» Exercise
Every record needs to be restated word for word.

···

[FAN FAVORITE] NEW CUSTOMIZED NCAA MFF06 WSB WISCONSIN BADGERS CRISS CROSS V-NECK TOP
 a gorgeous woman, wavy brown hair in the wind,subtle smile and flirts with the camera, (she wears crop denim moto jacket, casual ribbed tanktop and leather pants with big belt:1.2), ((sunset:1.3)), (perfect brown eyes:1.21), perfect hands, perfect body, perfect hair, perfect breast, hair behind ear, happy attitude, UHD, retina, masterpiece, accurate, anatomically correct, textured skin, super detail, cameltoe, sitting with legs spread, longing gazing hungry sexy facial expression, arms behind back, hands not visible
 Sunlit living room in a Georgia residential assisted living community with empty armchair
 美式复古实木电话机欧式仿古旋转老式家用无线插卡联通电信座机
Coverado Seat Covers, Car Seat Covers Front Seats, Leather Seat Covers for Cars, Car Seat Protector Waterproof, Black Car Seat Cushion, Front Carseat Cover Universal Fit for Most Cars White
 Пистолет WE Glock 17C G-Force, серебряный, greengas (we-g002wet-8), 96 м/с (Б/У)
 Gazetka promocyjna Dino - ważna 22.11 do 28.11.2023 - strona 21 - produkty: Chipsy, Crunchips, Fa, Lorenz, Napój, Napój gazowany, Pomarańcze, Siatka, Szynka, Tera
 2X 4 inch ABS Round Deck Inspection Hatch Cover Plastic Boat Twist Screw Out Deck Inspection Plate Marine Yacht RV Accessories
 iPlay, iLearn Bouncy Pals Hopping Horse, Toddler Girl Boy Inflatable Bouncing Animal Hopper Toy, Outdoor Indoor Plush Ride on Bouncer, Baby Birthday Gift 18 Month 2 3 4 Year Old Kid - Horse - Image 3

···

» Result of the exercise
[FAN FAVORITE] NEW CUSTOMIZED NCAA MFF06 WSB WISCONSIN BADGERS CRISS CROSS V-NECK TOP
 a gorgeous woman, wavy brown hair in the wind,subtle smile and flirts with the camera, (she wears crop denim moto jacket, casual ribbed tanktop and leather pants with big belt:1.2), ((sunset:1.3)), (perfect brown eyes:1.21), perfect hands, perfect body, perfect hair, perfect breast, hair behind ear, happy attitude, UHD, retina, masterpiece, accurate, anatomically correct, textured skin, super detail, cameltoe, sitting with legs spread, longing gazing hungry sexy facial expression, arms behind back, hands not visible
 Sunlit living room in a Georgia residential assisted living community with empty armchair
 美式复古实木电话机欧式仿古旋转老式家用无线插卡联通电信座机
Coverado Seat Covers, Car Seat Covers Front Seats, Leather Seat Covers for Cars, Car Seat Protector Waterproof, Black Car Seat Cushion, Front Carseat Cover Universal Fit for Most Cars White
 Пистолет WE Glock 17C G-Force, серебряный, greengas (we-g002wet-8), 96 м/с (Б/У)
 Gazetka promocyjna Dino - ważna 22.11 do 28.11.2023 - strona 21 - produkty: Chipsy, Crunchips, Fa, Lorenz, Napój, Napój gazowany, Pomarańcze, Siatka, Szynka, Tera
 2X 4 inch ABS Round Deck Inspection Hatch Cover Plastic Boat Twist Screw Out Deck Inspection Plate Marine Yacht RV Accessories
 iPlay, iLearn Bouncy Pals Hopping Horse, Toddler Girl Boy Inflatable Bouncing Animal Hopper Toy, Outdoor Indoor Plush Ride on Bouncer, Baby Birthday Gift 18 Month 2 3 4 Year Old Kid - Horse - Image 3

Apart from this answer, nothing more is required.